Глава 16

Мир давно не мир, а центр цифрового комфорта. Понять пустоту очень важно и буддистам, и нет, она же взаимозависимость, страдать ведь никто не хочет, причина страдании в привязанности, как все знают и говорят, отрекись, и ты получишь! Кто удары судьбы, кто денег, начальник тюрьмы с самого начала знал, дело тибетского еврея сфабриковано. Сшито крепкими нитками профессионала, и какого! Отец Сонам был тот ещё фрукт.

- Старому поцу что-то надо… Но что? - Он бы всполошился, на что, пусть пока сидит в первой, надо будет, перекинем во вторую, или даже третью, в карцер махатм. Придумывать начальник ничего не хотел, пока просто не понимал ситуации, начал бы что-то делать, мог понять не верно, много хуже. Если ты живёшь в Китае, выходя из дома надевай маску дурака! Придя обратно, не забудь снять, старина Ли тупил, и поэтому дослужился до хозяйки. На все вопросы всех всевозможных инспекций и инстанций из Сианя и Пекина дурашливо щурясь узкими глазами, говорил:

- Ничего не понимаю! - Как правило, присваивали внеочередное.

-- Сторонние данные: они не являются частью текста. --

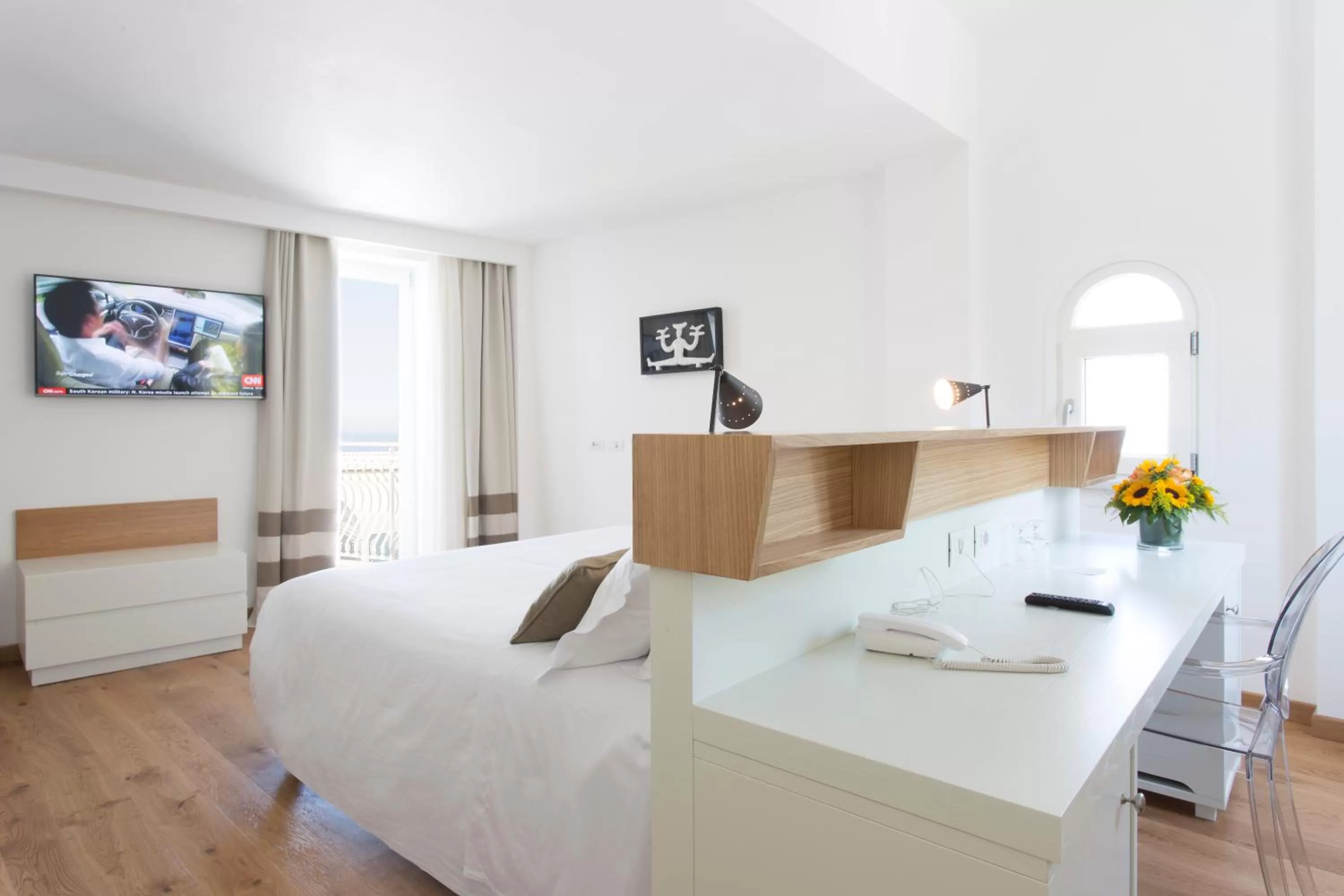 Bedroom, Bed in Villa Fiorella Art Hotel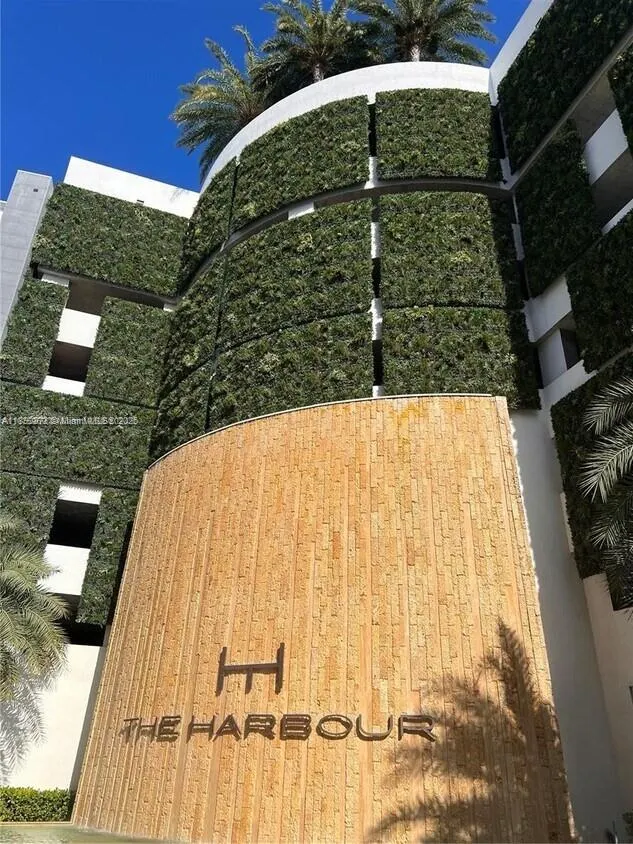 16385 Biscayne Blvd, #3018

Даже если бы все разбежались, ему бы ничего не было, отвечала бы за все смена, поменялась с заключёнными местами, часовой команды не понял. Хитрый на Востоке значит мудрый, иногда полковник внутренней службы Ли Биньао думал, что он Майтрея, и живот подходящий, и много детей, он сам не знал точно, кто он? Все, и никто!

- Тебе-то откуда знать, что убил этот Шипа? Тебя там не было. - Леший немного на всех взъелся, хотел красиво посидеть на поминках, поесть, увезли, уехали, ладно, сам поедет на сорок дней.

- Мне не надо быть очевидцем, чтобы насквозь всё видеть, - сказал Манерный. - Я и сейчас знаю, о чем ты думаешь! - Когда все начиналось на Арбате, никто не стрелял. Даже бейсбольных бит не было! Ломом подпоясанные, да, но не рекетиры. Вопросы решали кулаками, ногами, в крайнем случае цепями и кастетами, вообще словами, криминальные понятия — это Библия. Если хватались за ножи, старались не убивать, стрелять начали в девяностые, в 1991м Андрей освободился.

Второй раз сидел на Украине в Харькове из-за Росписи за связь с Вором в законе. Потом Роспись убили в Польше, дело прекратили, его выпустили. На похороны Андрей не попал, специально приехал в Москву позже. Может, и хорошо! Имя Росписи было Андрей Исаев, кентов его потом тоже всех убили, например, Шрама, Костю, он их всех не знал. В Москве молчал о том, что топтал срок на Украине, а то бы с ним не общались, бандеровцы, у преступного мира болезнь локаций, если место не играет в беседе прямой роли, умолчи.

Приехал в Москву. Принял лишнюю дозу у друга на квартире, родственники не пустили к себе на порог, потом даже выписали, улица Саянская, дом 3, несколько лет так и жил без прописки то тут, то там у девок. Пошёл к ментам в паспортный стол, сказали:

- Скажите спасибо вашим родным! - Хотел перевалить их всех, раздумал, третий раз могут дать столько, сколько он не выдержит по-козырному. Пил Манерный в основном затем, чтоб расслабиться, и попал в больничку. Из-за вызова «скорой» у друга нашли пять незарегистрированных охотничьих ружей, дорогих и дешёвых, два импортных пистолета различных модификаций, один солидный  глушитель для стрелкового оружия, пять единиц холодного, тесаки, ножи, а также незначительное количество боеприпасов, не было лишь гранат.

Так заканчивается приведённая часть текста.